Happyhorse222 · 16/04/2026 10:14

Bjorkdidit · 16/04/2026 10:04

You'll be fighting an uphill battle if he's a spender. The other issue is that if he moves out, eg to live with a GF, she's also going to have to watch that she doesn't get stuck paying all the bills while he spends like water on his own indulgences.

The other things he/you need to be aware of is his employment status. In trades it often looks like a normal job but he might be paid via the construction industry scheme (CIS) or even 'self employed' and either way he will be responsible for his own tax return, possibly paying tax (although if he's CIS at his current level he may actually be paying too much tax, that he could be reclaiming via a tax return).

He may also have no pension and no holiday and sick pay entitlement. So you should probably talk to him about this and make sure he understands the consequences of getting this wrong - obviously he really should have a pension and he should have money put by in case he can't work or wants to take time off that won't be paid.

But £480 pw is good given he's only out of the house 5 hours a day. Why such short hours?

Edited

He works in highway maintenance. I think they are pretty standard hours for them all as he starts early as possible and finishes as soon as their daily price meterage is covered and his boss is an animal 😂My son also now looks like a baby Arnie with the amount of physical work out he's getting so he's happy with that 😂He is self employed, we have just done his tax return with our accountant so all covered and no he doesn't get holiday or sick pay which is why we are so on it about getting him to save.

OP posts:
Gall10 · 16/04/2026 10:16

Mydogisagentleman · 16/04/2026 09:42

That's a really decent wage

If he’s just getting up at 6am… then home by 11am I’d say it’s a bloody good wage!!! Less than 4 hours a day… 20hrs a week.. over £22 an hour..,can he get me a job where he works?

Happyhorse222 · 16/04/2026 10:19

Whattodo1610 · 16/04/2026 10:14

Not a good idea in my opinion OP. It’s his money. You can’t live his life for him. You’d be teaching him nothing about budgeting, financial control, savings etc. Looking forward, he’d buy his flat then have no idea about all of the above and will end up in dire straits. You made a financial arrangement with him that you were happy with, you can’t just suddenly take £200 a week off him just because you don’t agree with his spending 🙄

Instead, sit him down as a pp has said, talk and teach him about budgeting, forecast projections for housing etc.

We have done that about 30 times.

OP posts:
Isanyonereallyanonymous · 16/04/2026 10:22

I don't have £280 a month left for just spending after everything else is paid, much less £280 a week!
I would be charging him rent but not telling him it was saving on his behalf.
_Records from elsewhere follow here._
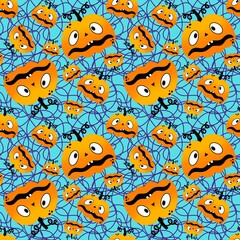 Cartoon autumn vegetable seamless Halloween pumpkins pattern for wrapping paper and fabrics and kids clothes
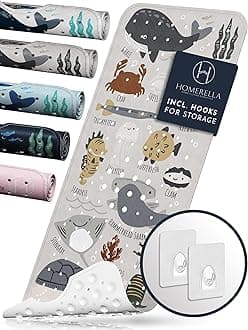 homerella® Bath Mat for Tub Non Slip Mildew Resistant 40x16 Extra Long incl. Hooks for Drying - Machine Washable - BPA Free-with Suction Cups and Drain holes for Bathtub- Shower Mat Non Slip Anti Mold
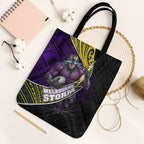 Melbourne Storm Rugby Tote Bag Tribal Polynesian Power Art - Lightning Mascot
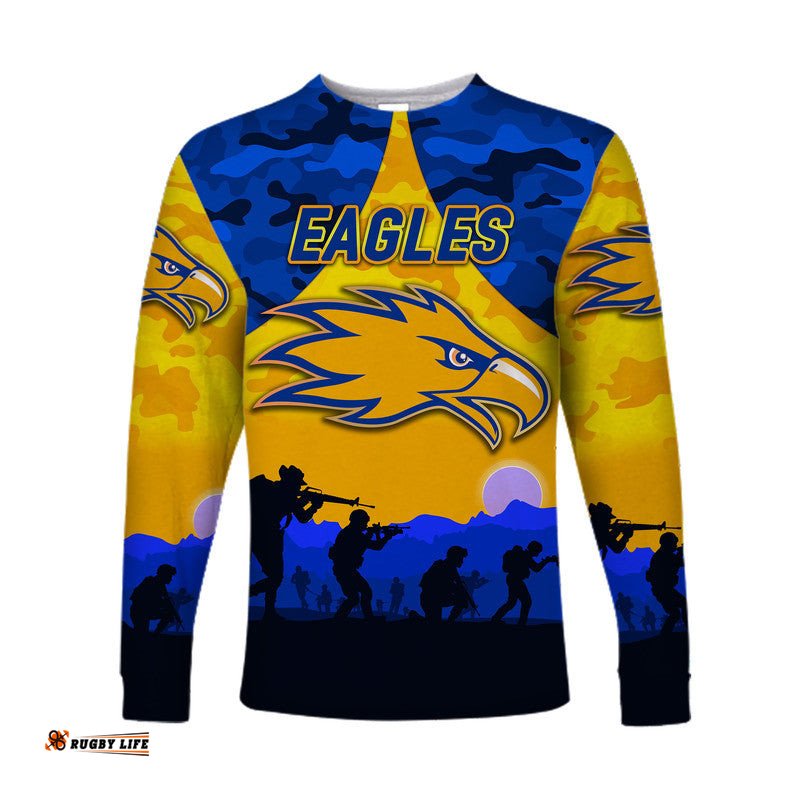 Custom Personalised West Coast Eagles ANZAC Long Sleeve T-shirt Simple Style Gold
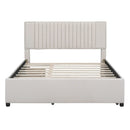 Upholstered Platform Bed With Drawers, Classic Headboard Design by HouseOfZazla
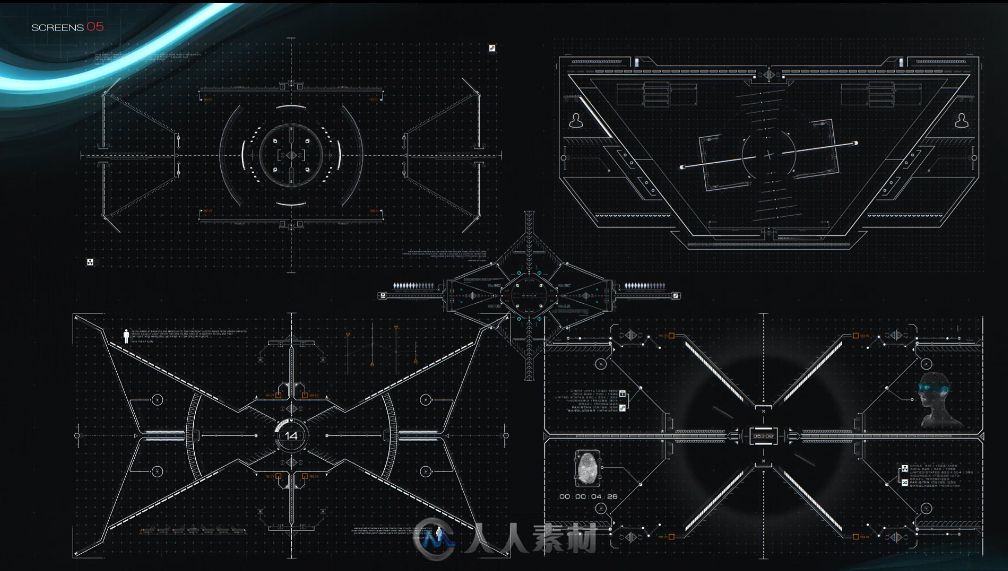 HUD 科幻电子信息数据面板图形元素 AE模板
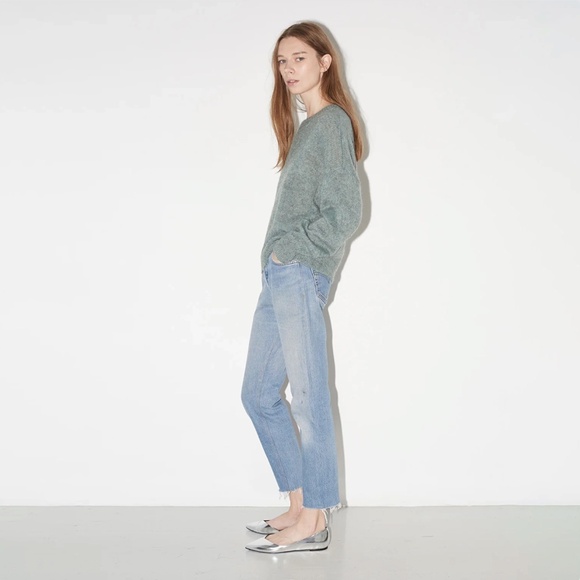 Isabel Marant Étoile Clifton fuzzy mohair loose boxy sweater celadon lagarconne - Picture 3 of 8
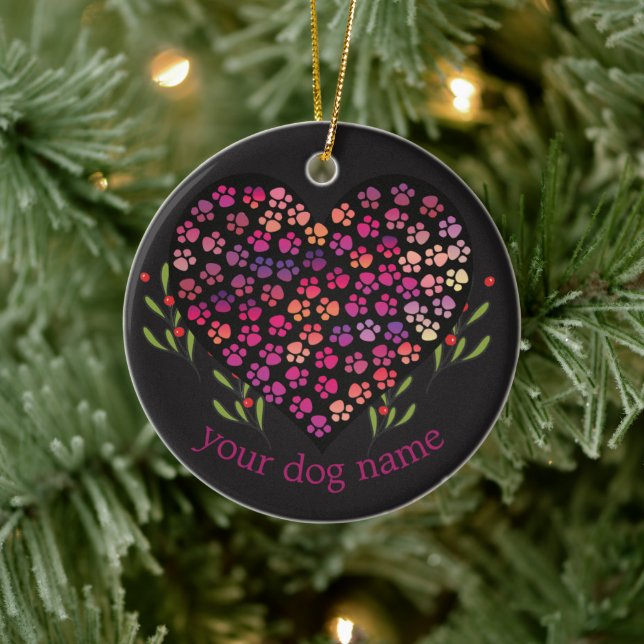 Benutzerdefinierter Hundename, Hunde Paw Heart Blä Keramik Ornament (Baum)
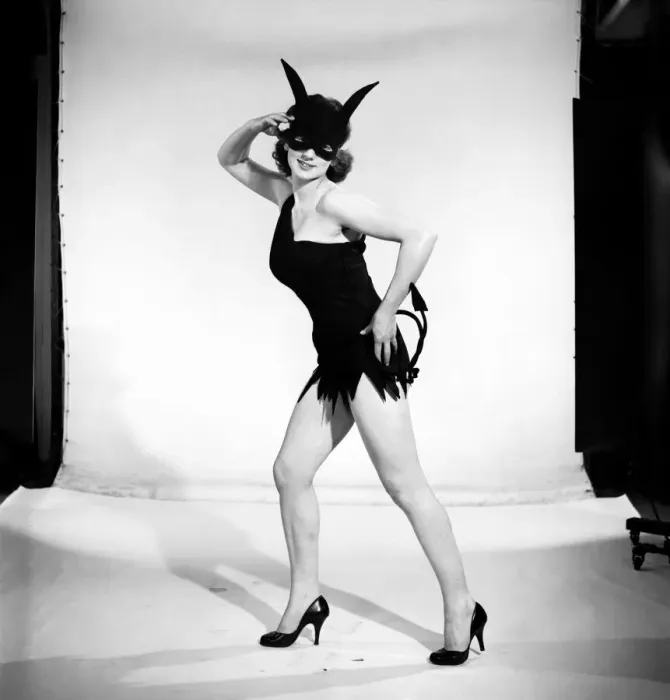 Framed Print : Model Jacqueline Durran dressed as a She Devil. June 1957 Framed Print : Model Jacqueline Durran dressed as a She Devil. June 1957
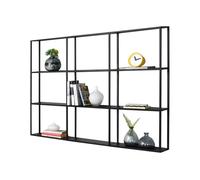 Estantería de pared jelsa con 9 compartimentos abiertos librería hierro 130 x 18 x 110 cm en negro [en.casa]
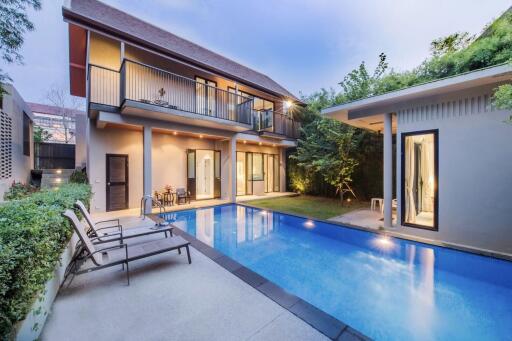 Modern house with a pool and garden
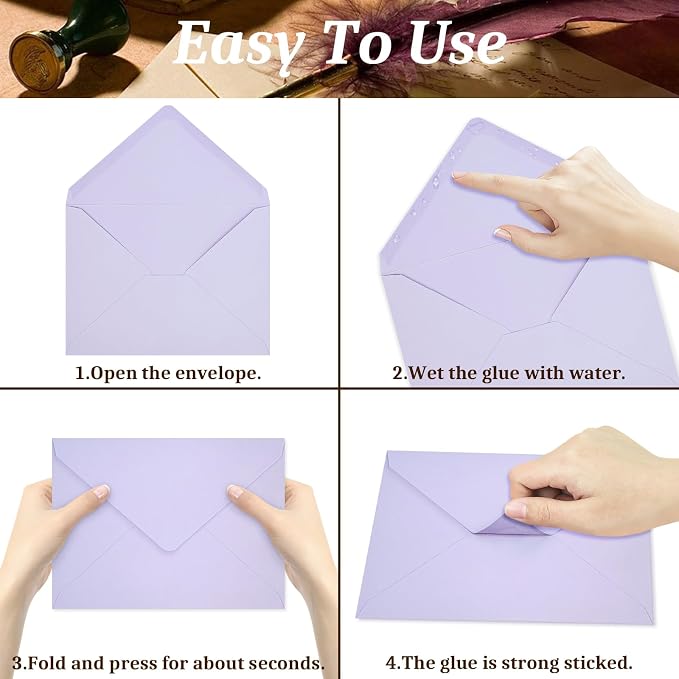 100 Pack A7 Envelopes, Light Purple Greeting Card Envelopes Self Seal, 5.24 x - Image 4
You'd also need to do the same for your daughter though. Not fair the flaky child benefits more than the disciplined one!
Or he has to open an ISA or similar and show his weekly standing order into it.

Happyjoe · 16/04/2026 10:22

I hope you cover the water and internet bill if charge him rent? Be pushing half his wage otherwise.
And I totally agree with charging rent and how lovely of you guys to put it away for him. Top banana!

Isittimeformynapyet · 16/04/2026 10:26

Goldengirl123 · 16/04/2026 09:42

If you don’t need the money, I would take it from him and put it into a savings account a/c for him

So, exactly what the OP said then?

Happyhorse222 · 16/04/2026 10:26

Just for the comments about his older sister- she lived completely rent free and now lives with her soon to be husband as she saved and wanted to move in with him. She's just done it her way and moved out sooner, we also helped her with their deposit and new furniture, so she's not affected in any way.